Misery mounts as Pakistan drought continues
By Ashraf Khan, AFP
March 13, 2014, 12:10 am TWN
MITHI, Pakistan--Two-month-old Mangal succumbed to pneumonia on Tuesday in Mithi, southeast Pakistan, the latest victim of a deadly web of drought, disease and malnutrition in one of the country's most deprived regions.
Her father Buru had held a plastic tube supplying oxygen into her tiny nostrils all night, but his silent prayers were not enough.
She died in a government hospital in Mithi, the main town of Tharparkar district, becoming one of at least 67 children to die of poverty-driven disease in the area since December.
“She was in a very serious condition and we had advised her father to get her to a bigger hospital in Hyderabad city,” Doctor Mohanlal Khatri told AFP at the Mithi hospital.
“Most of the children are brought here with pneumonia, diarrhea, low birth weight and neonatal sepsis.”
The unfolding tragedy has grabbed the attention of the national media but aid remains scarce, a day after Prime Minister Nawaz Sharif and Bilawal Bhutto-Zardari, son of the late premier Benazir Bhutto, visited the area.
Thar desert, which begins around 300 kilometers east of Karachi and runs up to the border with India, is dominated by subsistence farmers who depend on beans, wheat, and sesame seeds for survival, bartering surplus in exchange for livestock.
It has been hit by a rainfall deficit of roughly 30 percent between March 2013 and February this year, according to government data, with the worst-hit towns of Diplo, Chacro and Islamkot barely touched by a drop of water for months.

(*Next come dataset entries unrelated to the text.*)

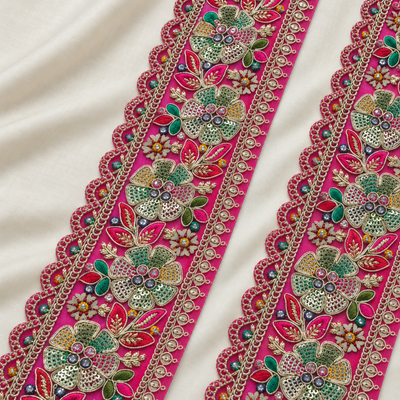 Floral Sequin and Metallic Cord Embroidered Designer Border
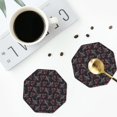 thumbnail image 3 of Bingfone Vintage Black Roosters Leather Drinks Coasters with Set of 6,Suitable for Home Kitchen,Coffee Cup Coasters Home Gift, 3 of 7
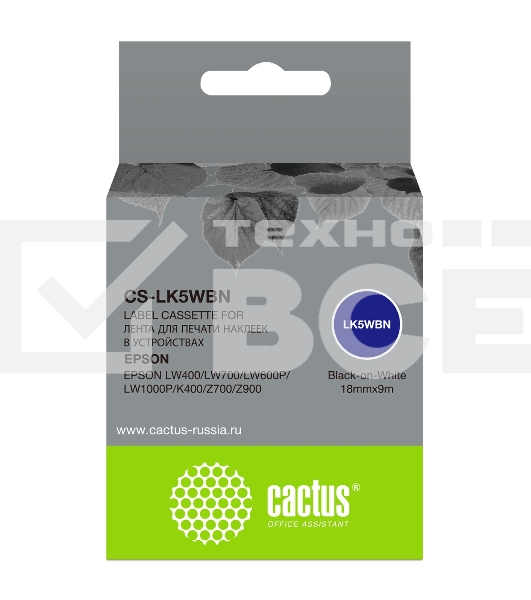 Картридж ленточный Cactus CS-LK5WBN черный шрифт, белый фон (18 мм, 9 м) для Epson LW300/LW400/LW700/LW600P/LW1000P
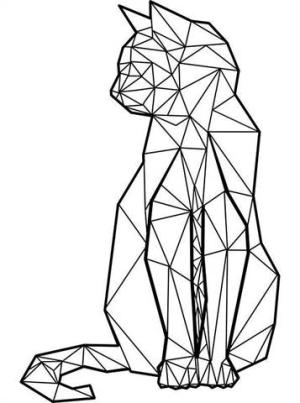 Geometrik Şekiller boyama sayfası,  coloring page, Temel geometrik şekillerden yapılmış kedi, 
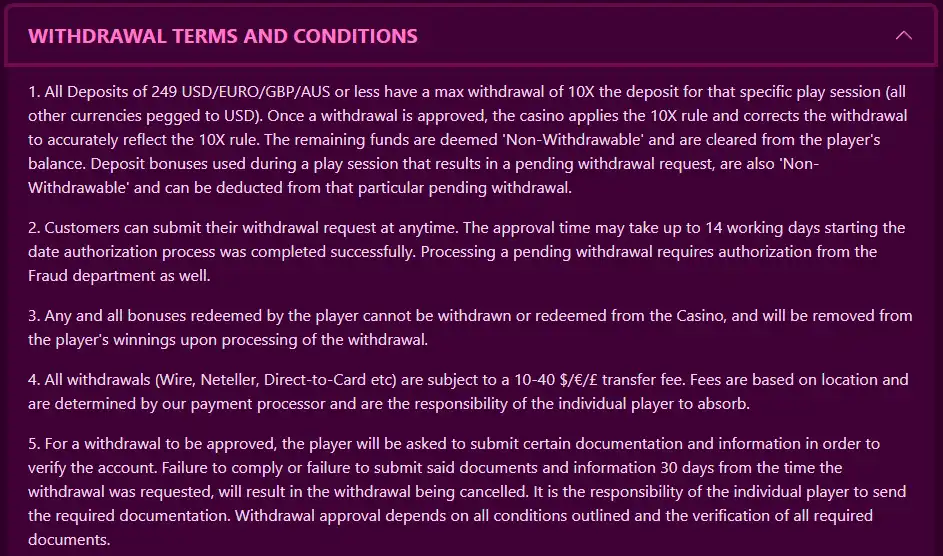 Candyland official withdrawal or banking screen showing current payout information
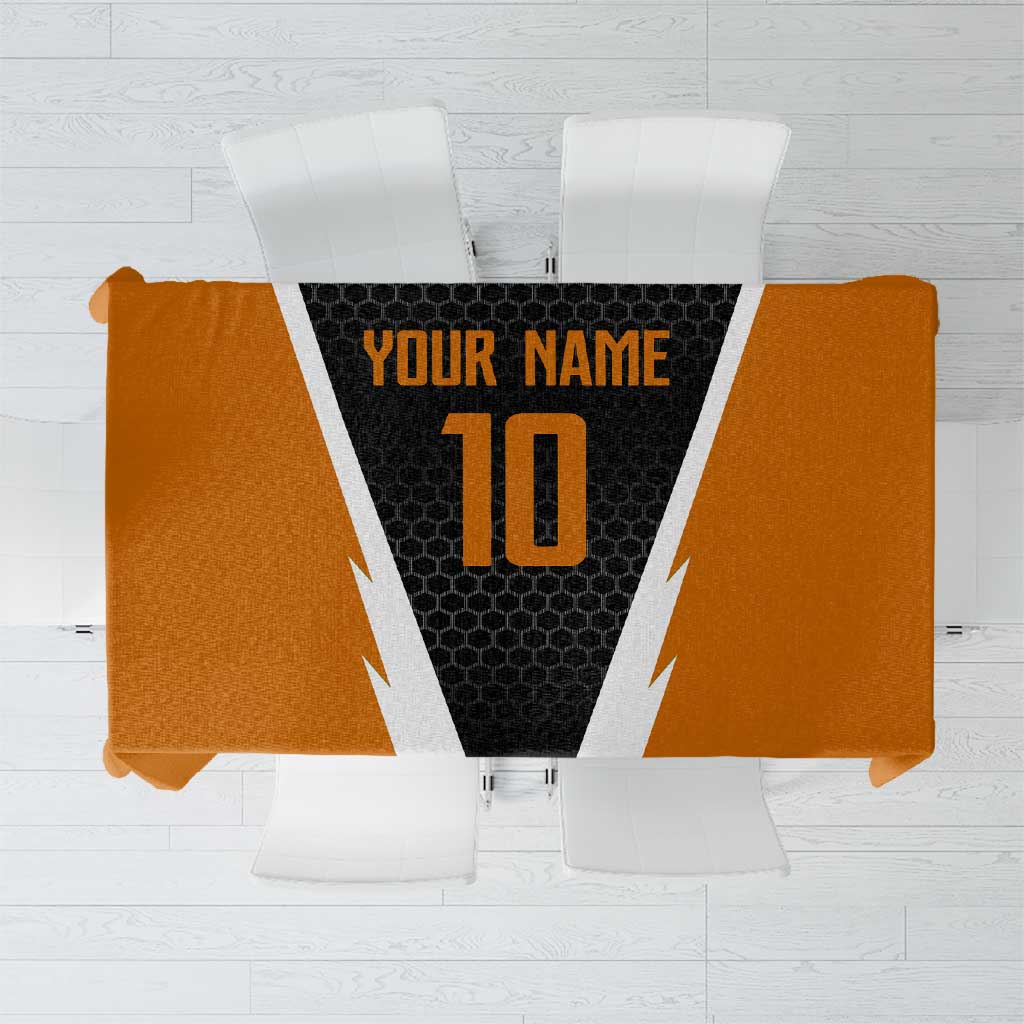 Bass Fishing Tablecloth Jumping Largemouth Fish on Black Hex Pattern and Orange White Lightning Accents - Wonder Print Shop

At an army-run camp in Mithi, women dressed in the yellow, red and blue dress typical of the region's Hindu community, waited in a line for relief which many said was hard to come by.
“Please get me a food permit, I have been coming here since yesterday but in vain,” one woman pleaded.
Hindus, a small minority in Pakistan's overwhelmingly Muslim population of 180 million, have been the worst affected by what is happening in Tharparkar.
“Of all the children we treated 75 percent were from the Hindu community,” said Khatri, the doctor in Mithi.